Recently, YEC spoke with Vishal about his experiences networking and his advice for others aspiring to improve their own experience. His best advice is below.
Maintain Your Humility
Be humble and polite while reaching out to others who you think may be helpful for growing your business. As a young entrepreneur, sometimes we let a little success get to our heads, which causes us to lose our humility. We should always look up to successful people and learn from their humility because they are already more successful than we are, but still grounded.
As part of this humility, when reaching out to build your professional network, think about what you can offer to the other person instead of just asking for something. Offer to meet up at a convenient time and place for them. If they realize they don’t have to travel to meet you and it will only take them 30-45 minutes, they may be more open to meeting.

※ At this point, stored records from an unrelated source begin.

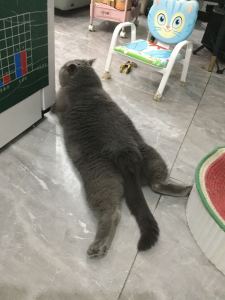 🐦都不🐦你的个人空间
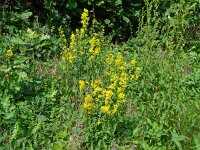 Solidago virgaurea 23, Echte guldenroede, Saxifraga-Hans Grotenhuis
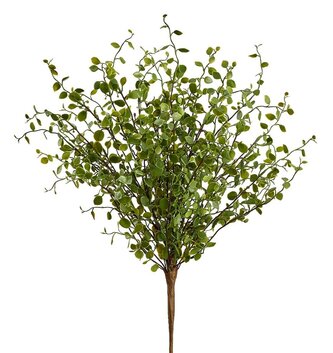 Muehlenbeckla Greenery Bush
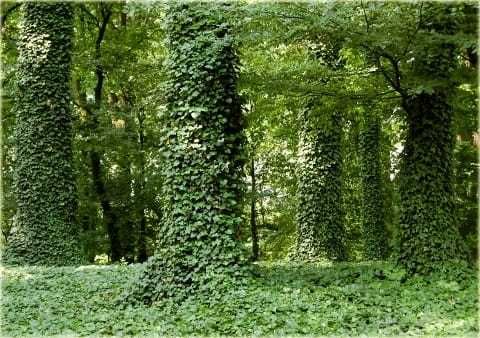 Bluszcz na ściany płoty sadzonki 100 cm 50 sztuk zasłona od sąsiadów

I was at a PayPal conference in San Francisco in 2014 where Sir Richard Branson was the guest speaker. Just coincidentally, after his speaking session I left to go to my room and we ran into each other by the elevator. It was obviously very daunting. I told him he was an inspiration because of how humble he was even after all that he had achieved, and he politely thanked me and held the elevator door open.
Do Your Research
Do your research about the person you want to connect with. Try to find out as much as possible about the person. LinkedIn provides the best information. This, added with humility, helps people remember you and increases their propensity to respond to your emails.

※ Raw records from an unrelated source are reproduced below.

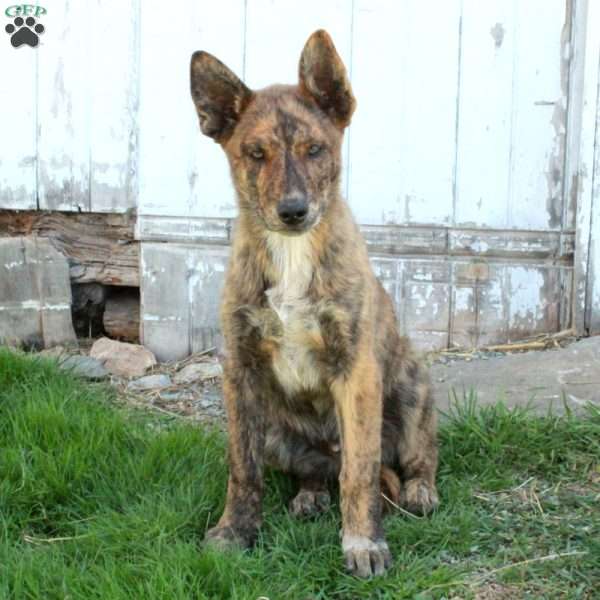 Dean, German Shepherd Mix Puppy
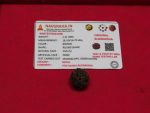 5 Mukhi Rudraksha Nepal Navgraha Certified - Navgraha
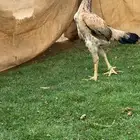 دجاجه فل هزاز مستوى بطل عمر 7 شهور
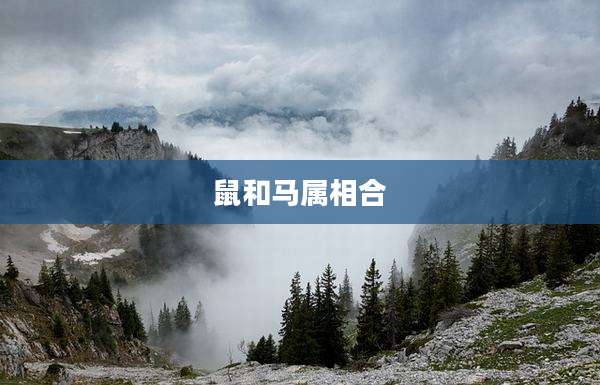 鼠和马属相合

Meet New People and Follow Up
As an entrepreneur entering a new industry (hospitality), I try to meet as many people as possible to learn from them and understand if what I’m trying to develop is actually going to solve their problems.

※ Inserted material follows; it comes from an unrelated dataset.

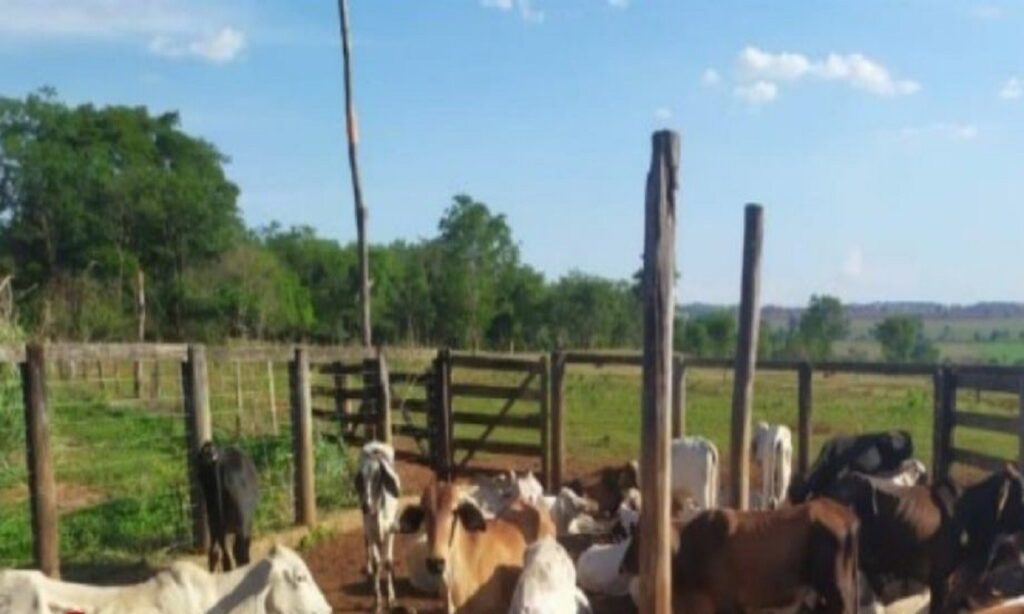 Animais furtados em Sanclerlândia são encontrados em Trindade-GO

Out of the hundreds of meetings I’ve had, only a few have turned into long-lasting relationships and have had an impact on my business. But the one common aspect among all of them was follow up. Whoever you meet, go back and send them a note. Summarize what you discussed, or just send a thank-you message in a brief email follow-up (preferably on the same day) goes a long way.
All you need is Gmail and Google Contacts. That’s it! Whenever I meet someone and get a business card, in addition to sending a follow-up, I make sure to make a note in my Google Contacts. Google Contacts is very versatile and allows you to store multiple details, but I also add small details about the meet up in the notes section, i.e. where we met, what the situation was, what he/she does, etc. This gives me the benefit of quick recall in the future.
In addition, I simply keep all follow ups in my inbox. If I’m expecting an answer from someone, I keep that email in my inbox or put a 7-10 day reminder on it to follow up again. Everyone is busy, and not everyone is going to be able to get back to you right away. But polite follow-ups always help.
Attend and Participate in Exclusive Events
Coming from the e-commerce industry, one of the best events for me was eTail West. Similarly, people should seek out the most sought-after events for their respective industries and, in addition to attending, see if they can participate in a panel discussion or keynote speech. This helps you become “connectable.”
Take the Time to Listen
What you should avoid: talking about yourself. Listen!
So many times I’ve seen people go up to someone who could be an important contact and then immediately blast them with a sales pitch. This is a surefire way to turn someone off.
When meeting someone, introduce only the basics about yourself and then ask more about the other person. Listen to what they have to say, and then pick up the conversation by trying to see if there is a common thread. Do not simply go off on what you’re doing and what your problems are. I learned this the hard way, but saw much better results and recall when I took the time to listen.
I’ve also made the mistake of trying to recall a name and then addressing someone with the wrong name because I wasn’t sure. When you’re meeting someone and you aren’t sure of their name, it’s better to politely apologize and ask them for their name again instead of getting it wrong.